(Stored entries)
-*-
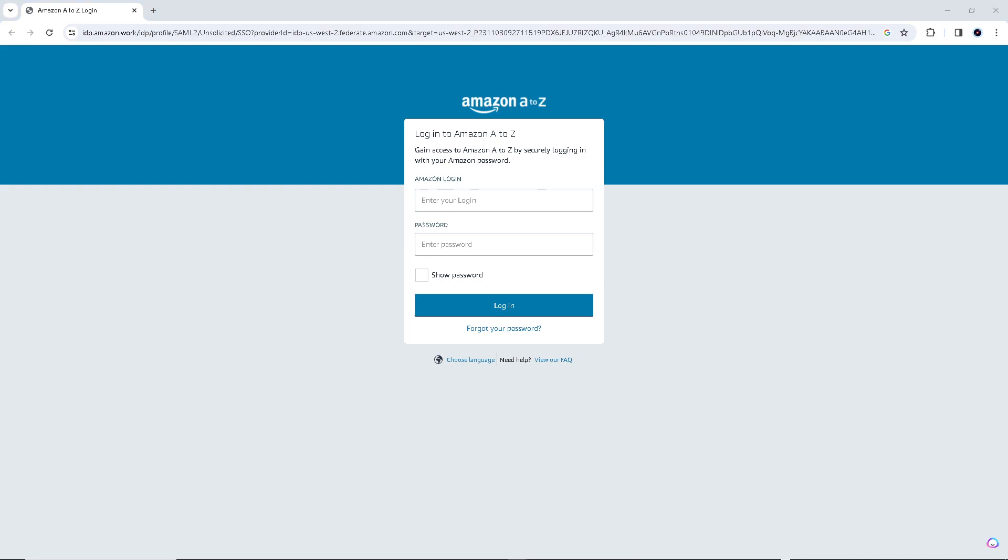And additionally, guys, keep your login credentials secure and do not share them with unauthorized individuals to protect your personal and work-related information.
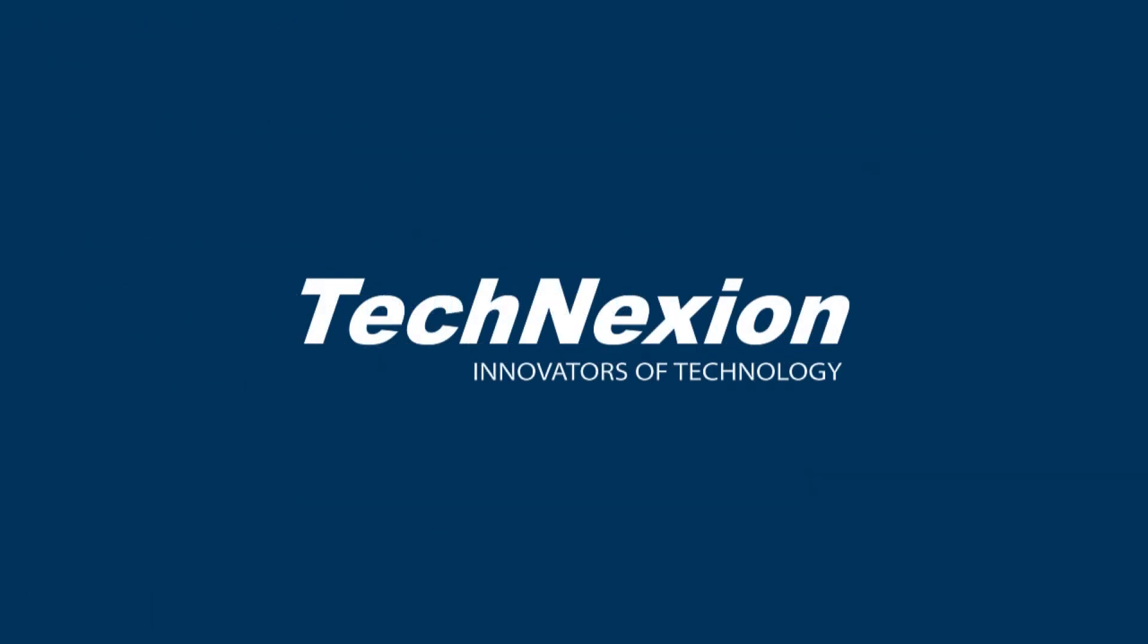Please subscribe to our channel for the latest updates. I'm John Weber with Technexion, see you next time.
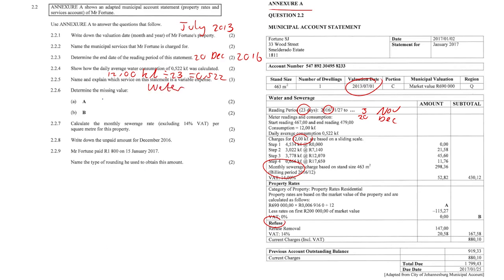Question 2.2.6: determine the missing value A. The calculation is 690,000 times 0.006 rands divided by 12. Just plug that into your calculator and you should get R397.67.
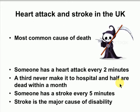Heart attack and stroke vie with cancer as the most common cause of death. Someone has a heart attack in this country every two minutes — a third never make it to hospital and half are dead within a month. Stroke is still very prevalent — every five minutes someone has a stroke and it's actually the major cause of disability. There's a real need to get a better handle on these diseases.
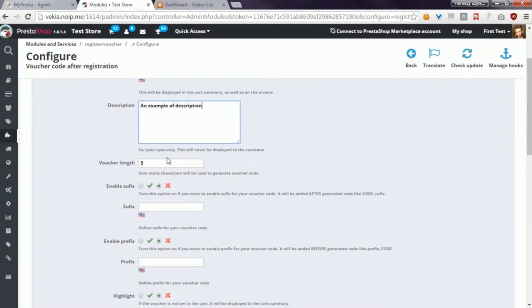The third option, Vulture length, allows you to define the number of characters that the module will use to generate the Vulture code. If you enter here, for example, 5, the module will generate a Vulture code that will be built with 5 characters. If you enter here 10, the module will generate the Vulture code with 10 characters.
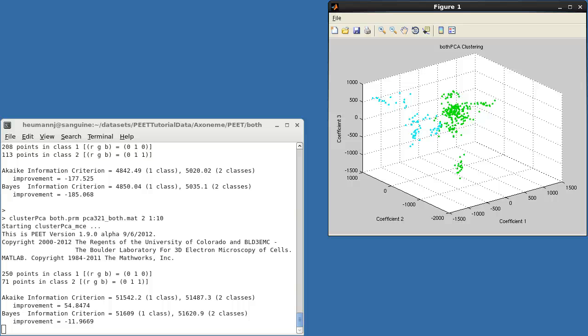We're now using 10 features and can no longer plot the clusters in the real 10-dimensional feature space. Instead, we show them projected down into the space of the first three features. Notice that there do appear to be well-separated clusters in the data, but two classes are not sufficient to represent them well. Additionally, k-means clustering works best with spherical clusters of roughly the same diameter, which we certainly do not have with just two classes. Looking at the graph, you can count six or more groupings, so let's try clustering again, this time specifying six clusters.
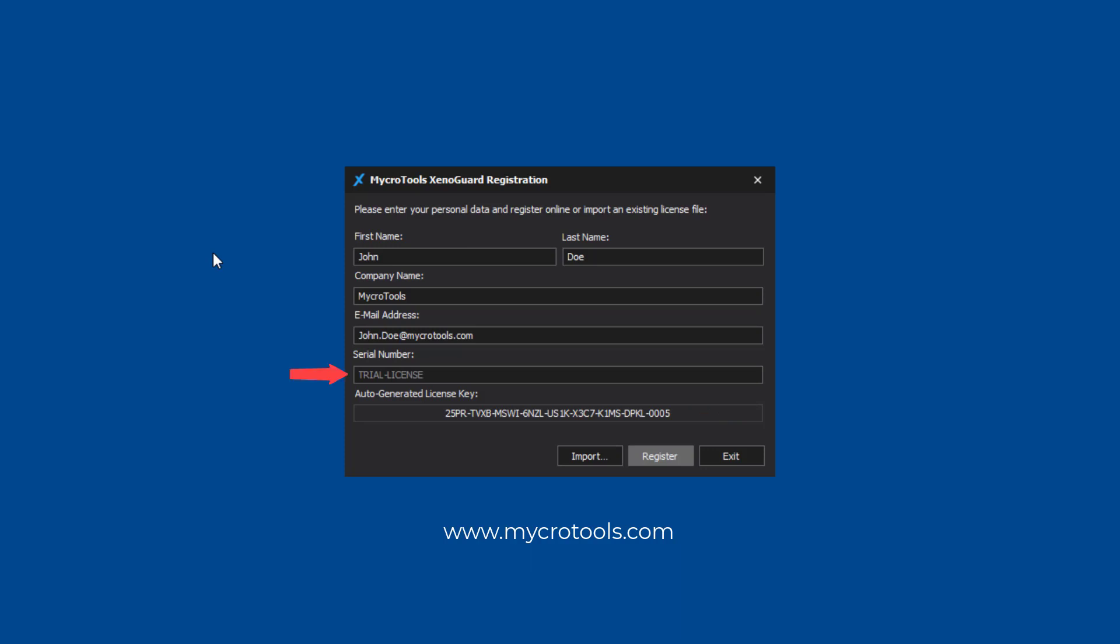If you have already purchased XenoGuard, enter your serial number here or leave the field empty if you want to license the trial version. When you entered your personal data, you can register your license.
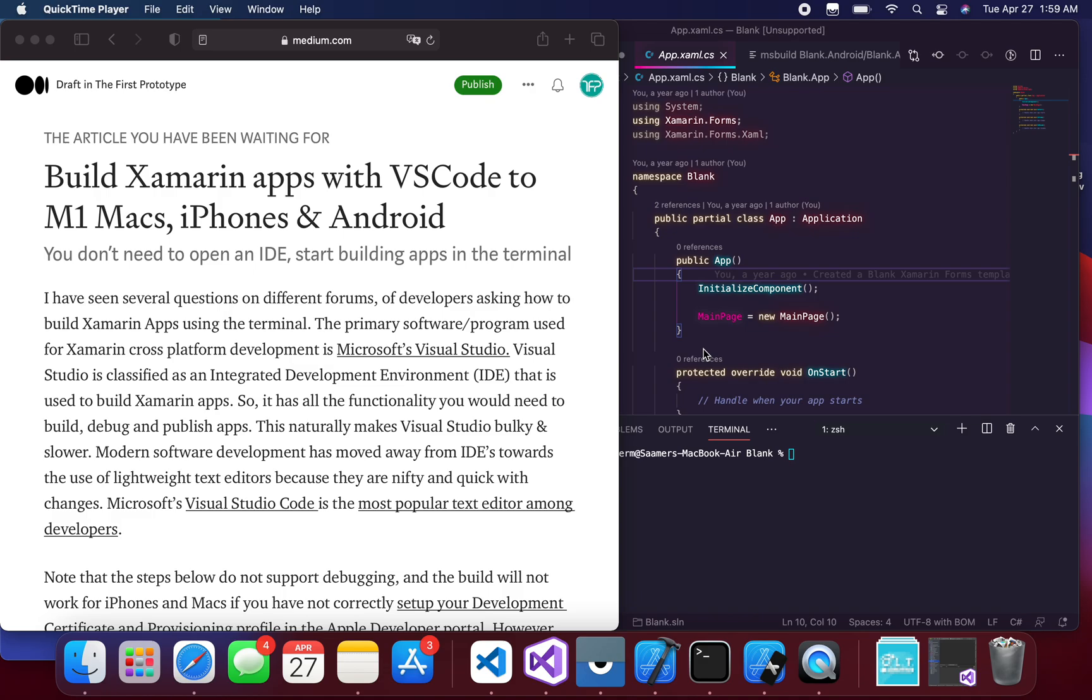I wanted to share with you something I figured out yesterday: how to build Xamarin apps with Visual Studio Code in order to deploy with your M1 Mac computers to iPhone simulators, iPhone devices, and your Android devices or simulators.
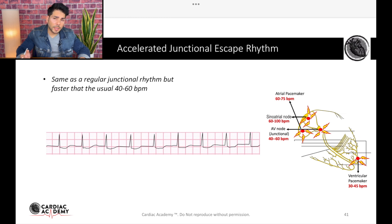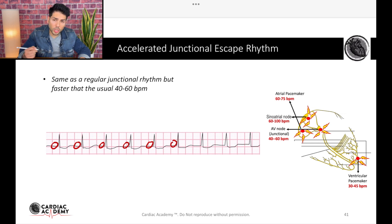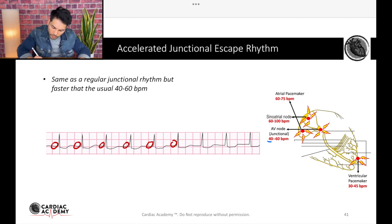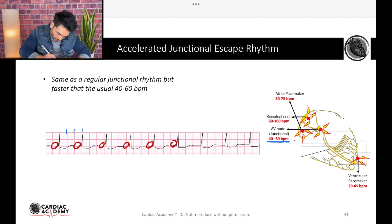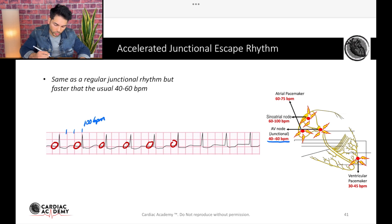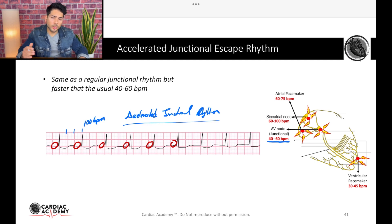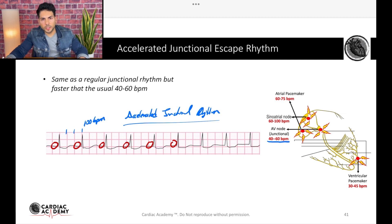Sometimes you will see rhythm strips in which you won't see P waves — like in this example, no P waves — so that tells us it's junctional. However, it's faster than usual. The normal junctional escape rhythm is 40 to 60. Let's calculate this one: 300, 150, 100 — it's 100 beats per minute. So it's faster than it's supposed to be. In this case, it's still a junctional rhythm, but it's an accelerated junctional rhythm — still junctional, faster than usual: accelerated junctional rhythm.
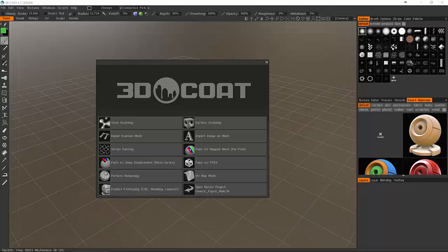The first things I want to look at is the unwrapping and the actual painting here inside of Coat. Coat has a couple different ways it can paint on your model and two ways it can UV your model. One of those UV methods is not really UVing at all, it's this little guy right here which is Ptex.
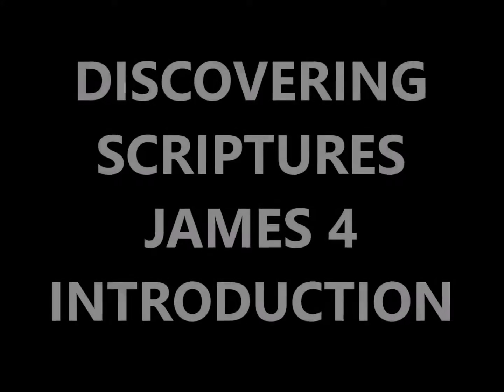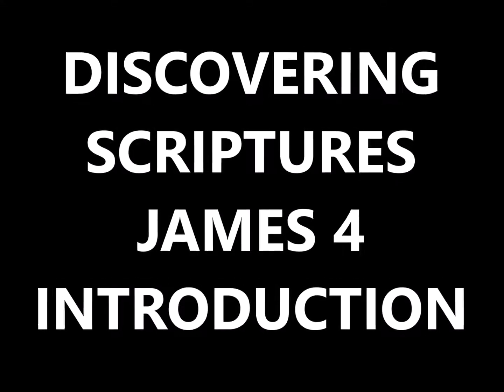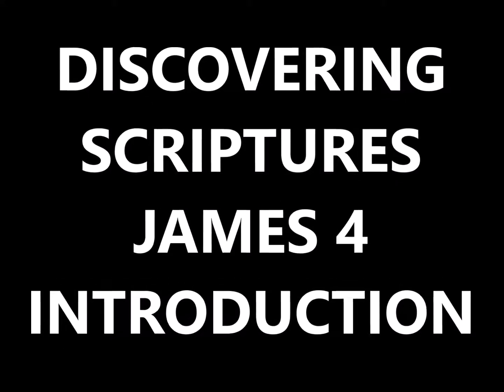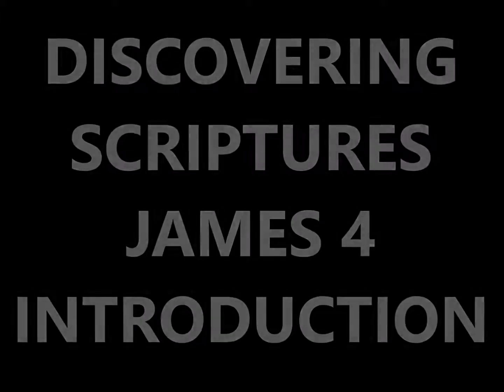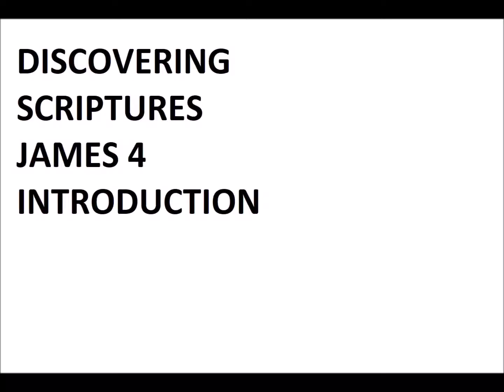Now we're in James chapter 4, reading from John Gill's exposition of the entire Bible, written in the 1700s. The introduction to James 4.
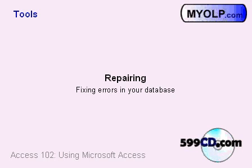Now, this would be necessary if you ever go to run your database, and it tells you for some reason that, oh, I can't open the database. There's something wrong. Well, a compact and repair might fix it.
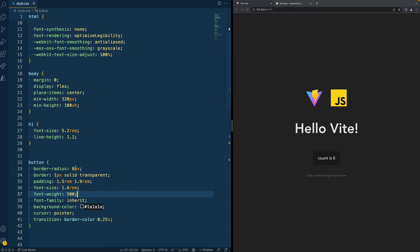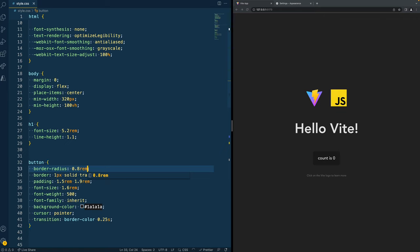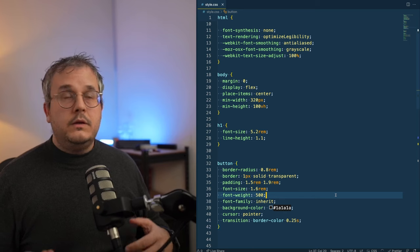Maybe we could make this 0.8 REM. But that means that if the user scales the font size, the border radius will also get bigger. In this case, the change is minimal because it's not a huge difference in font size we're seeing here.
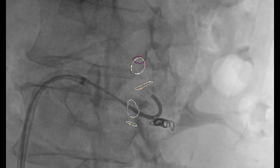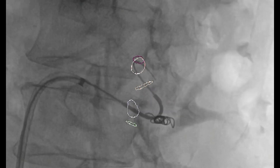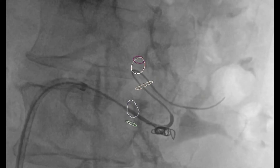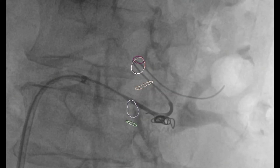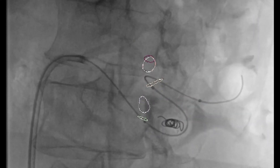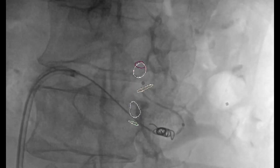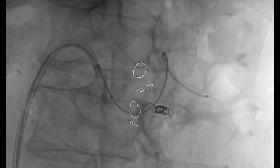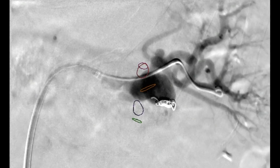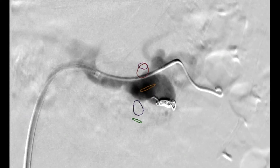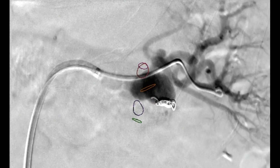A guidewire is then introduced into one of the branches supplying the upper two-thirds of the kidney. Once the wire is advanced, a quick-cross catheter is advanced over this wire, and the wire is exchanged for a Rosen wire. An angiogram is then performed, and we measured the diameter and length of the stent to be used.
-*-
TO DO:
Exact copy, pictures excluded: from the line with "Heart attack and" up to and including the line with "I wanted to" in the data above.

WRITTEN SOLUTION:
Heart attack and stroke vie with cancer as the most common cause of death. Someone has a heart attack in this country every two minutes — a third never make it to hospital and half are dead within a month. Stroke is still very prevalent — every five minutes someone has a stroke and it's actually the major cause of disability. There's a real need to get a better handle on these diseases.
The third option, Vulture length, allows you to define the number of characters that the module will use to generate the Vulture code. If you enter here, for example, 5, the module will generate a Vulture code that will be built with 5 characters. If you enter here 10, the module will generate the Vulture code with 10 characters.
We're now using 10 features and can no longer plot the clusters in the real 10-dimensional feature space. Instead, we show them projected down into the space of the first three features. Notice that there do appear to be well-separated clusters in the data, but two classes are not sufficient to represent them well. Additionally, k-means clustering works best with spherical clusters of roughly the same diameter, which we certainly do not have with just two classes. Looking at the graph, you can count six or more groupings, so let's try clustering again, this time specifying six clusters.
If you have already purchased XenoGuard, enter your serial number here or leave the field empty if you want to license the trial version. When you entered your personal data, you can register your license.
I wanted to share with you something I figured out yesterday: how to build Xamarin apps with Visual Studio Code in order to deploy with your M1 Mac computers to iPhone simulators, iPhone devices, and your Android devices or simulators.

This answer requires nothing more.